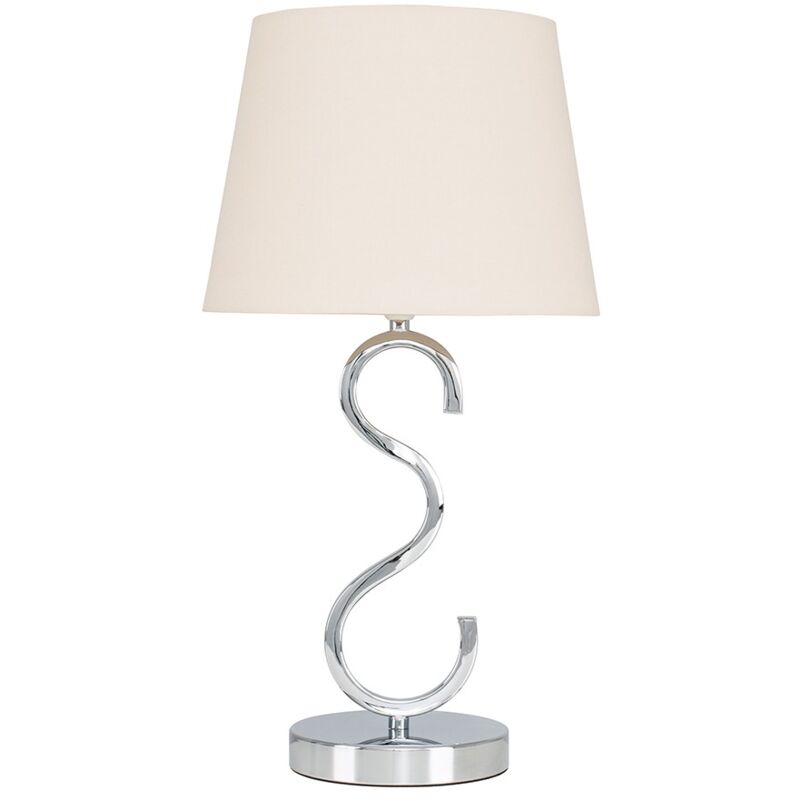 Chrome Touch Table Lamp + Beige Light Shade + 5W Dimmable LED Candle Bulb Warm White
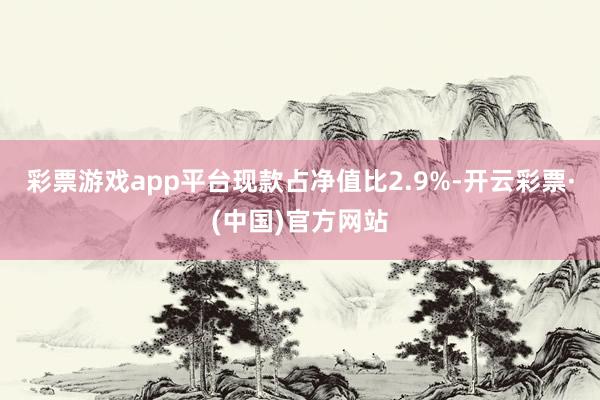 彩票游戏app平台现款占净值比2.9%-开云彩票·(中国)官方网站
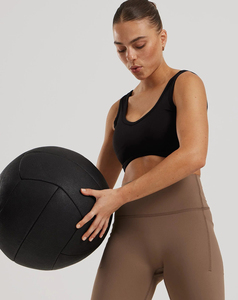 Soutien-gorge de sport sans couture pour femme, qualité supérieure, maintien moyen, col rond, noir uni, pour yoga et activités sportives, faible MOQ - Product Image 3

* * *

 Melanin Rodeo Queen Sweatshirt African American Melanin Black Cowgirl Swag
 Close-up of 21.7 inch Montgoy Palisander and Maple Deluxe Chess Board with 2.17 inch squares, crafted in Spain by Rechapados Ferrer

==

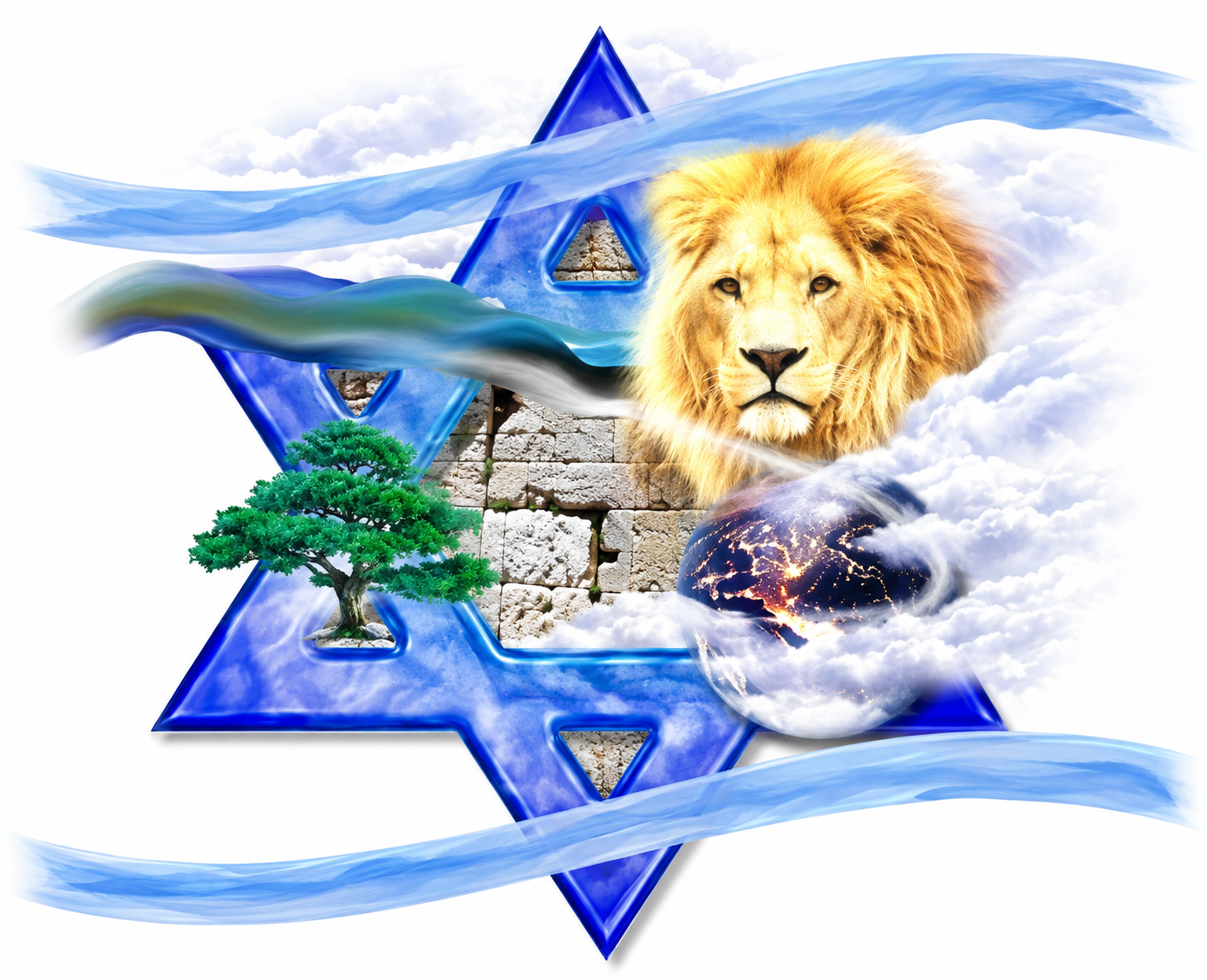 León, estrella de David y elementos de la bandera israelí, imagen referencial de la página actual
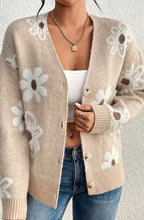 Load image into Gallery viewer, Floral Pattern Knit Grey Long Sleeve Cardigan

*Required work*:
Above are the records; copy exactly the lines from the line with "Melanin Rodeo Queen" through the line with "Close-up of 21.7", both included.

*Reply*:
 Melanin Rodeo Queen Sweatshirt African American Melanin Black Cowgirl Swag
 Close-up of 21.7 inch Montgoy Palisander and Maple Deluxe Chess Board with 2.17 inch squares, crafted in Spain by Rechapados Ferrer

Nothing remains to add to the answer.